SWEET SWAN OF AVON
To the Memory of My Beloved the Author, Mr. William Shakespeare
Shakespeare’s Lives of Girls and Women
8PM, Feb. 13, 2016
Heliconian Hall, Toronto
First of the Ladies Masque Anon.
Here we see Phebe attempt to set her suitor Silvius free and respond with an ayre where the poet assures his beloved that her beauty gives her not the power to decide who will be her vassal. The strings play Byrd’s variations on The Leaves be Green, the signature tune of the dedicatee of Danyel’s songbook, Miss Anne Green.
Phebe from As You Like It [III, 5]
Let not Cloris think John Danyel (1564-c.1626)
The Leaves be Green William Byrd (c.1540-1623)

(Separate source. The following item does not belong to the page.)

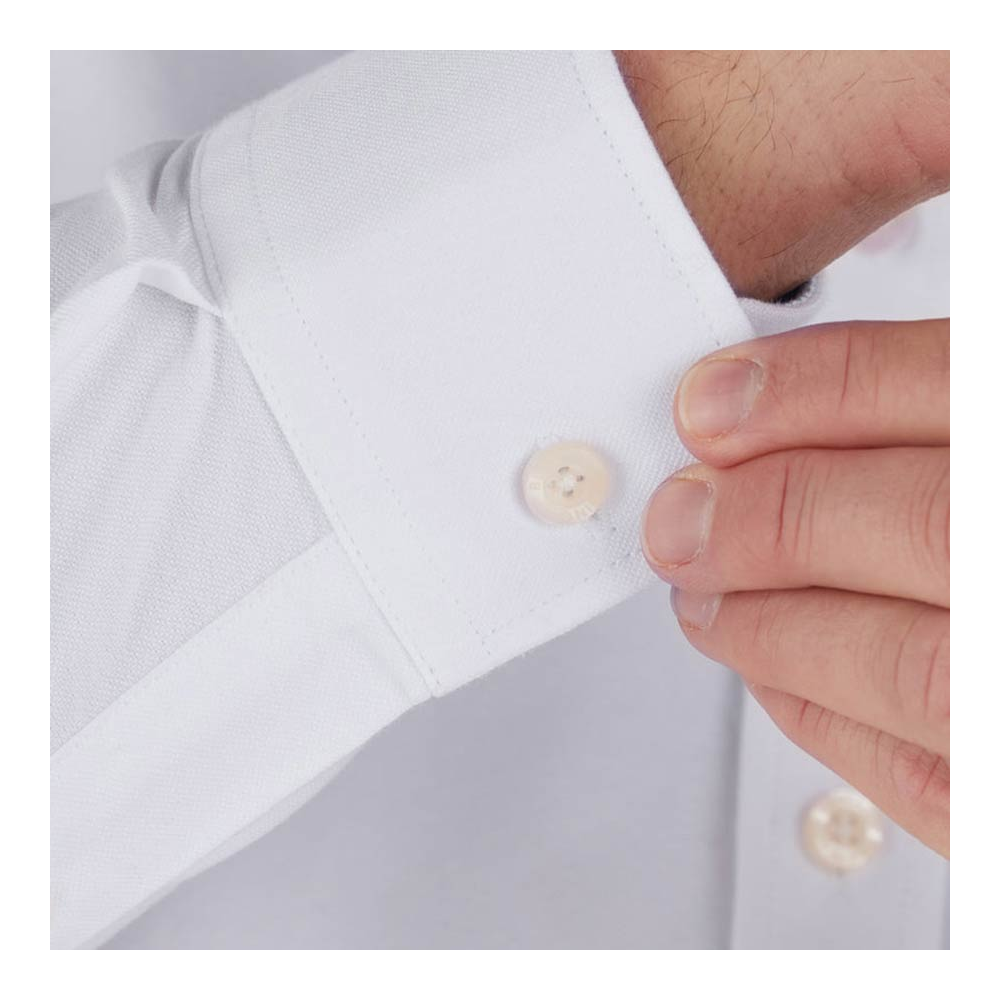 Raging Bull Oxford Weave Cotton Long Sleeve White NZ's biggest range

Ophelia is perhaps, with Lady Macbeth, Shakespeare’s most famous female role, and we present one of her most famous speeches. Campion’s song – he wrote the texts and music – comments on her distressed state, and the violin plays one of the ballad tunes she sings in her madness, tunes associated with powerful men seducing young women.
Ophelia from Hamlet [III, 1]
My love hath vowd Thomas Campion (1567-1620)
Bonny Sweet Robin Anon.
In the Renaissance imagination the lute replaced the ancient lyre, and was thus the instrument for ‘lyrics’. Proteus recommends the ancient guise of lutenist/ poet/lover. Danyel’s love lyric is in fact a checklist of musical terms for his student Ms. Green. The manuscript lutebook of Margaret Board, a student of John Dowland, gives us the pavan ‘He and She Alone Together.’
Proteus from Two Gentlemen of Verona [III, 2]
Like as the Lute delights Danyel
Solus cum Sola John Dowland (1563-1626)
Hortensio has been acting as lute teacher to the irritable Katherina and has had a lute smashed over his head for his trouble. Campion’s heartstrings are all that have been broken by Corinna. A masque dance for the Ladies rounds out the set.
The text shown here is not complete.